* [INSTRUCTIONS FOR THE TASK] The pictures in the listing below are to be skipped, while the lines between the line holding "Figure 9. Cerebellar" and the line holding "img 20250804 wa0027 img 20250804 wa0027", inclusive, are to be output exactly.

* [DATA TO PROCESS]
────────────────────
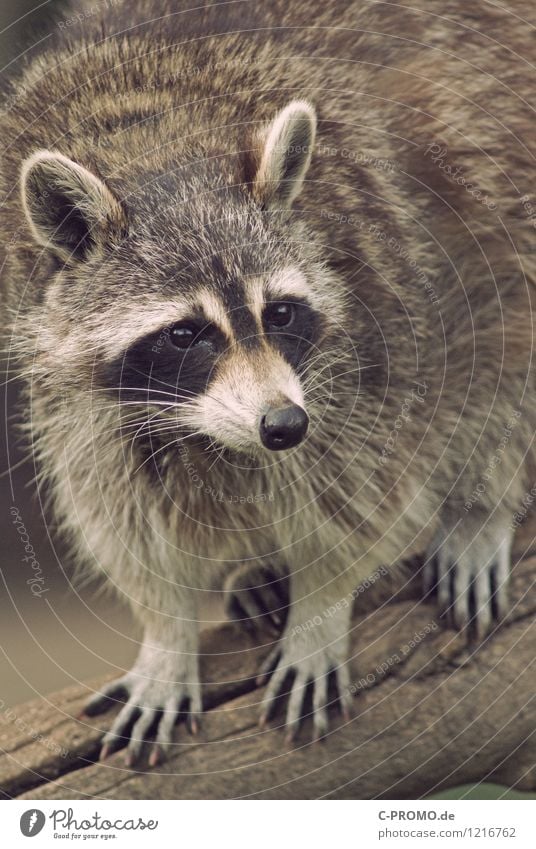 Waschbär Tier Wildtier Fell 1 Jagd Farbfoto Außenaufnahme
────────────────────
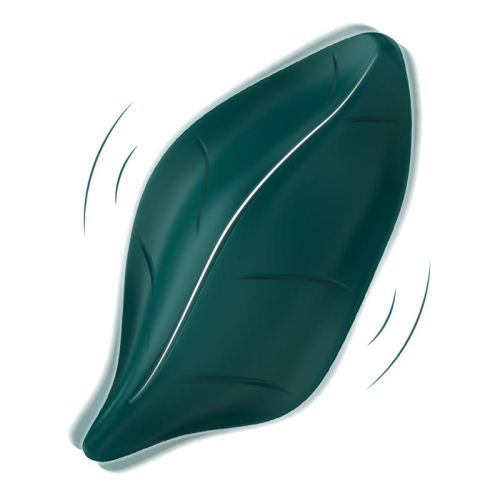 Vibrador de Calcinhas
────────────────────
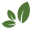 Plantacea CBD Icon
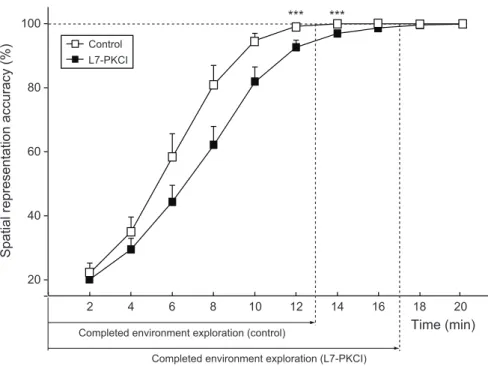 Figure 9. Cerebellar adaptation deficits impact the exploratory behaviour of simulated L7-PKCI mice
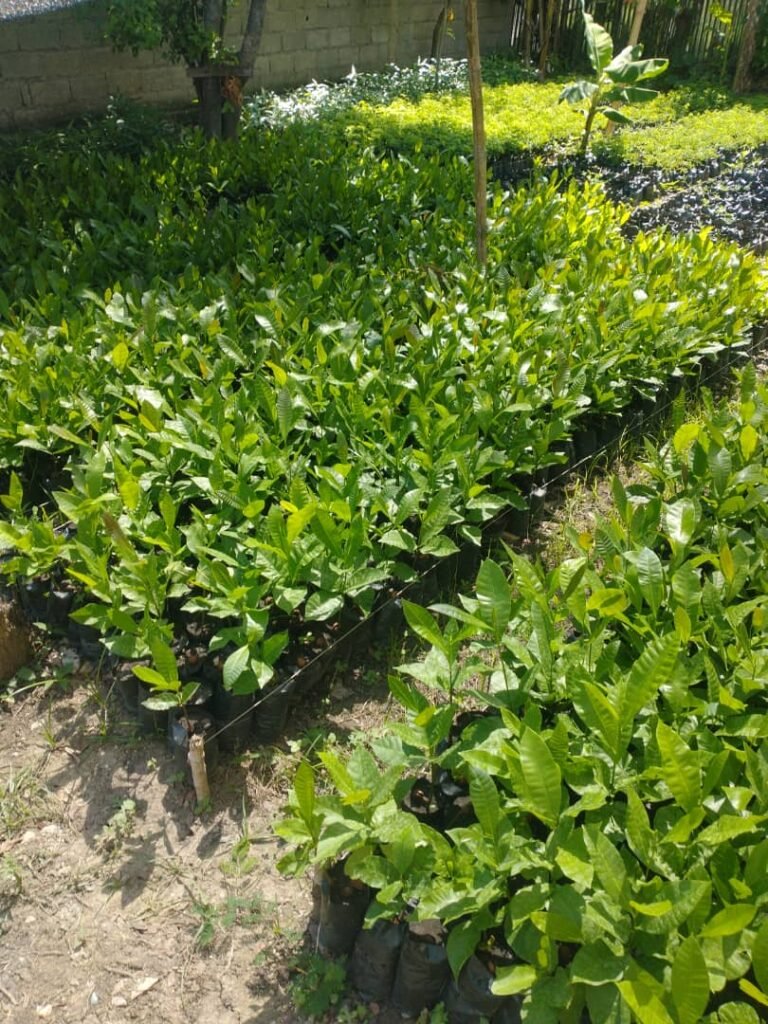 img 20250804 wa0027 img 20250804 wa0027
────────────────────
* [RESULT OF THIS EXERCISE]
 Figure 9. Cerebellar adaptation deficits impact the exploratory behaviour of simulated L7-PKCI mice
 img 20250804 wa0027 img 20250804 wa0027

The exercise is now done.